Afirman haber conseguido el código fuente durante la serie de ataques dirigidos a la firma de seguridad HBGary. Al cabo de un rato, otra cuenta en Twitter del grupo publicó lo que parecía ser una parte de descompilado de Stuxnet. La pregunta ahora es: ¿qué pueden hacer con el gusano? ¿podrían llevar a cabo algún ataque con el virus?
La magnitud de Stuxnet, tal y como se ha estado estudiando desde su aparición, es compleja y muy peligrosa. El gusano se transmitió en sus inicios a través de un programa de la multinacional alemana Siemens en el mes de septiembre, pasando a las computadoras que hacían funcionar las centrifugadoras de uranio en la central de Irán, y aunque actualmente se trabaja en sistemas operativos para evitar un posible ataque con el gusano, sigue siendo a día de hoy un arma demasiado sofisticada para lanzarla a la ligera. Aún hoy, no se sabe con exactitud el origen de Stuxnet, aunque se apunta una posible alianza entre Israel y USA.

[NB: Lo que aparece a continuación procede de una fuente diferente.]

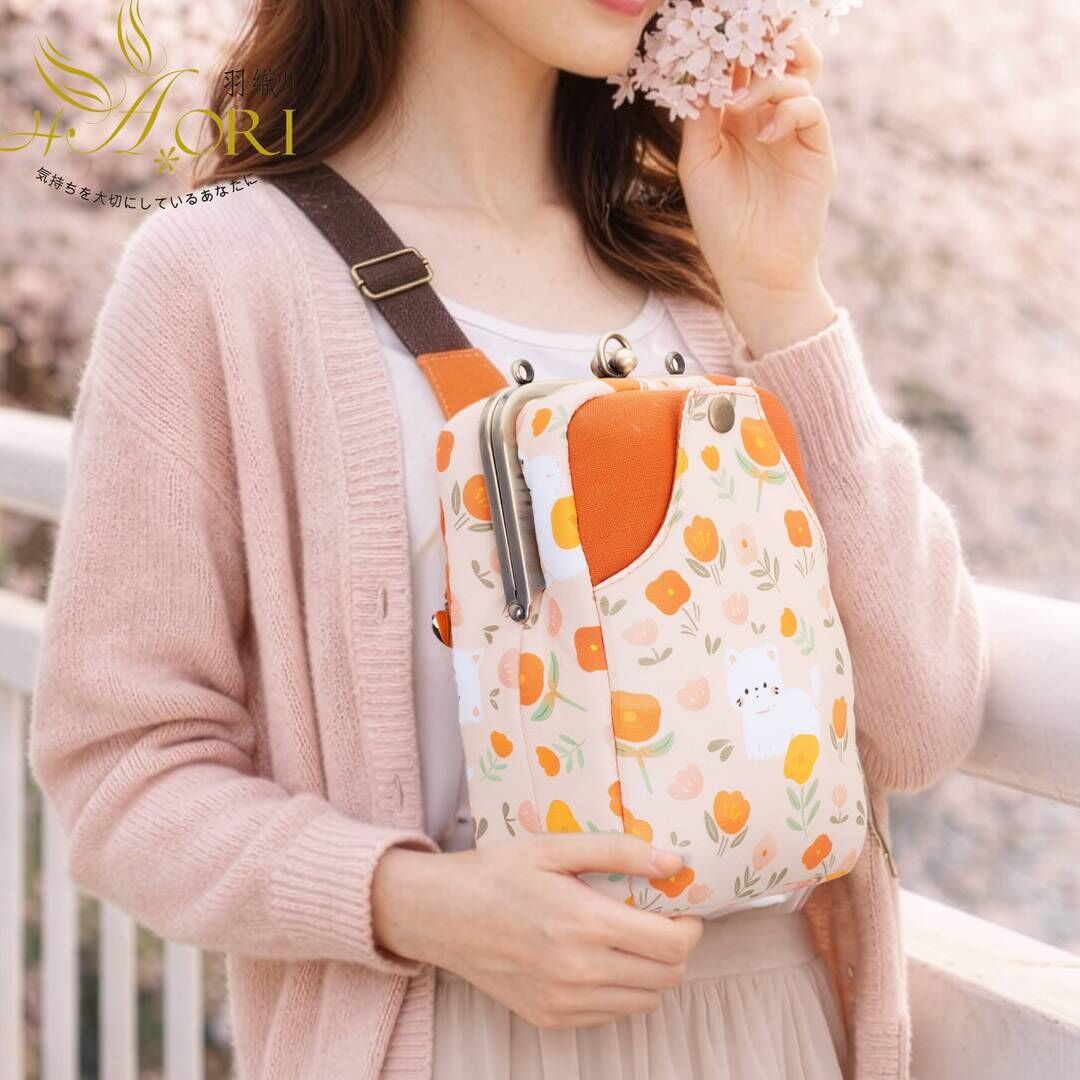 口金單肩斜背包【成品包】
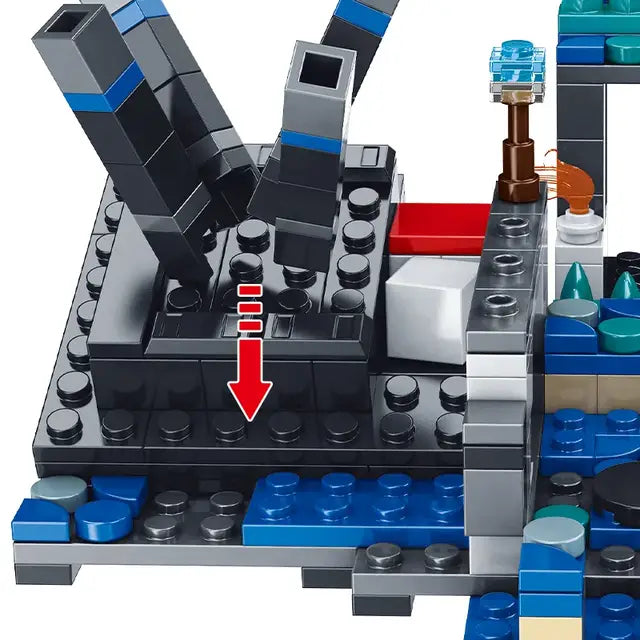 Minecraft Deep Dark Battle Building Blocks Set – 437 Pieces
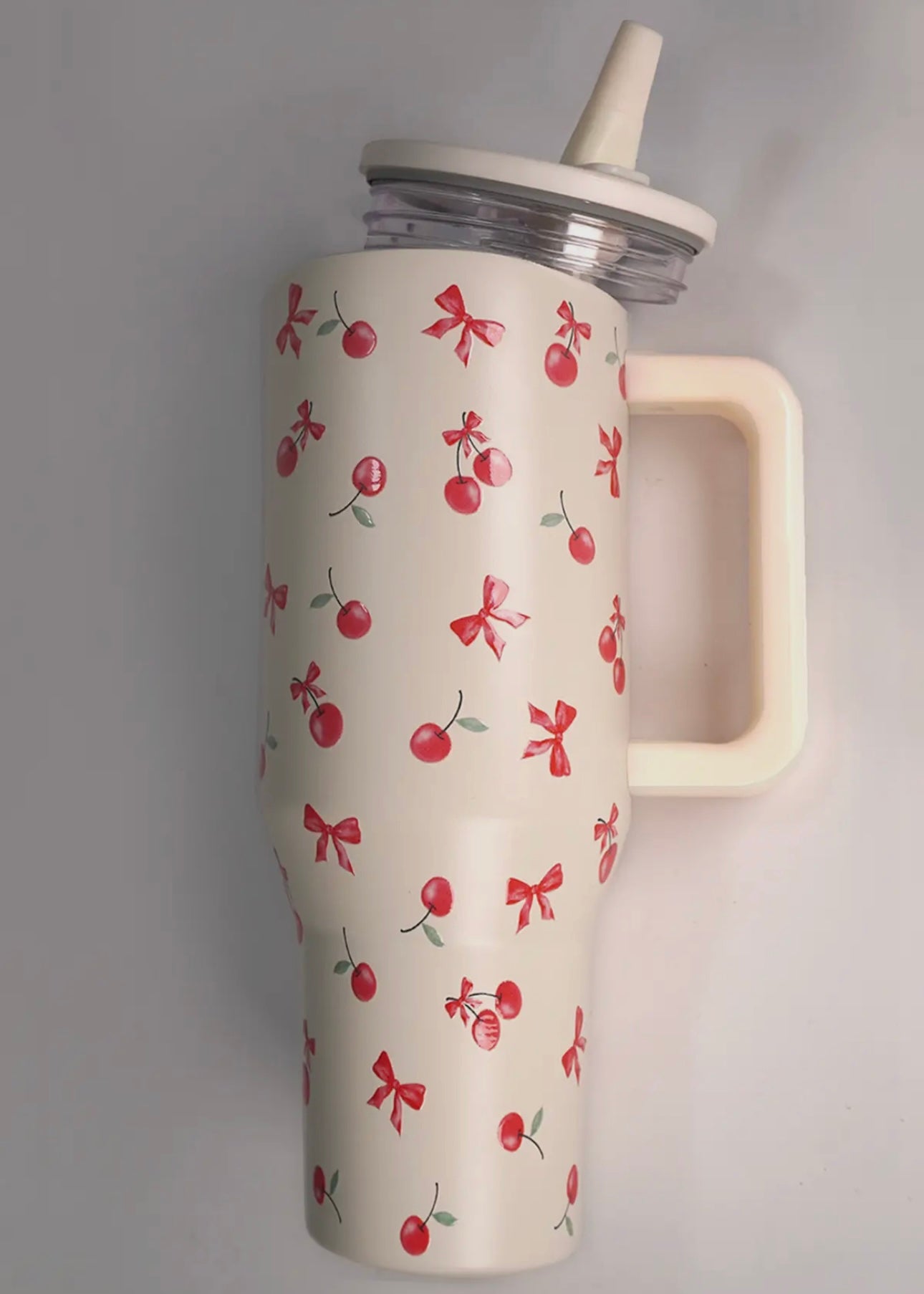 Cherries & Cream 40oz Spill Free Tumbler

Aunque Anonymous se encuentre en posesión de Stuxnet, es difícil pensar que puedan llegar a realizar un ataque con él. Algunos expertos en seguridad se muestran exceptivos ante el mensaje de Anonymous, declarando que aunque posean el binario y su desmontaje, no tienen la fuente original para desarrollarlo.
Otros como Orla Cox, analista de seguridad de Simantec, decían al respecto para The Guardian que: “Podría ser posible, aunque se necesitaría mucho trabajo, ciertamente no es algo trivial”. Y es que se habla de un arma que podría desencadenar un “nuevo Chernobyl” como apuntaba el embajador de la OTAN ruso. En cualquier caso, Irán podría encontrarse en estos momentos como uno de los posibles objetivos después de que el grupo de activistas señalara la semana pasada su intención de atacar webs del gobierno en apoyo de las manifestaciones previstas en Teherán.